In fact, studies have already suggested that TILT can mediate a durable complete responses in patients with metastatic melanoma with similar efficacy irrespective of prior treatment. In a phase 2 open-label trial, Lifileucel, which is an autologous, centrally manufactured tumour-infiltrating lymphocyte product, demonstrated durable responses, addressing a major unmet need in patients with metastatic melanoma with limited treatment options after approved therapy.
However, to date, there have been no phase 3 trials examining the value of tumour-infiltrating lymphocyte therapy in patients with advanced melanoma.
The current study was a multicentre, open-label phase 3 trial of patients with unresectable stage IIIC-IV melanoma, aged between 18 and 75 and who were randomised 1:1 to TILT or ipilimumab (3mg/kg q3wks, max 4 doses). Individuals were stratified for BRAFV600 mutation status, treatment line and centre.
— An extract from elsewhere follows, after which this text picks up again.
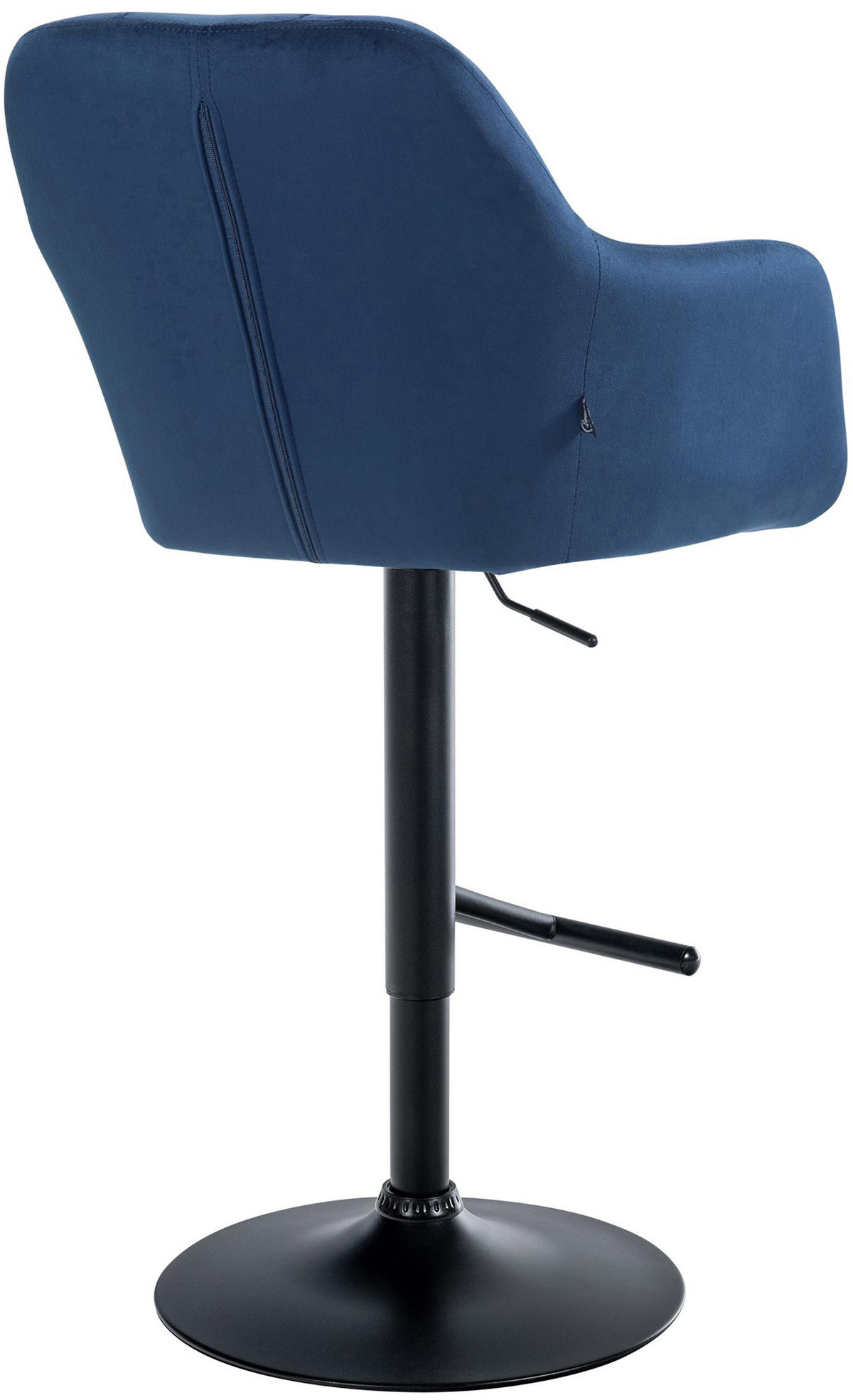 BARHOCKER Nardo Samt schwarz blau - Blau/Schwarz, Textil/Metall (57/118/59cm) - TPFLiving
Those receiving TILT underwent resection of a melanoma lesion (2-3cm) for the ex vivo outgrowth and expansion of tumour resident T cells. The researchers set the primary endpoint as progression-free survival (PFS) per RECIST 1.1 whereas secondary endpoints were (overall and complete) response rate, overall survival (OS) and safety.
Tumour-infiltrating lymphocyte therapy and progression-free survival
A total of 168 patients, the majority (86%) of whom were refractory to anti-programmed cell death-1 ligand treatment, received TILT (84) or ipilimumab.
After a median follow-up of 33 months, the median PFS was 7.2 months for TILT (95% CI 4.2 – 13.1) compared to 3.1 months (95% CI 3.0 – 4.3) for ipilimumab, giving a hazard ratio, HR of 0.50 (95%CI 0.35 – 0.72, p < 0.001).
The overall response rate was 49% for TILT but only 21% for ipilimumab and 20% of those receiving TILT achieved a complete response compared to 7% for ipilimumab. The median OS for TILT was 25.8 months and 18.9 months for ipilimumab. Moreover, grade ≥3 treatment-related adverse events occurred in all TILT patients but only and 57% of those assigned to ipilimumab.
The authors concluded that TILT therapy significantly improved PFS compared to ipilimumab, adding that since the vast majority of those included in the trial were anti-PD-1 refractory, TILT was a potential new treatment option in this patient population.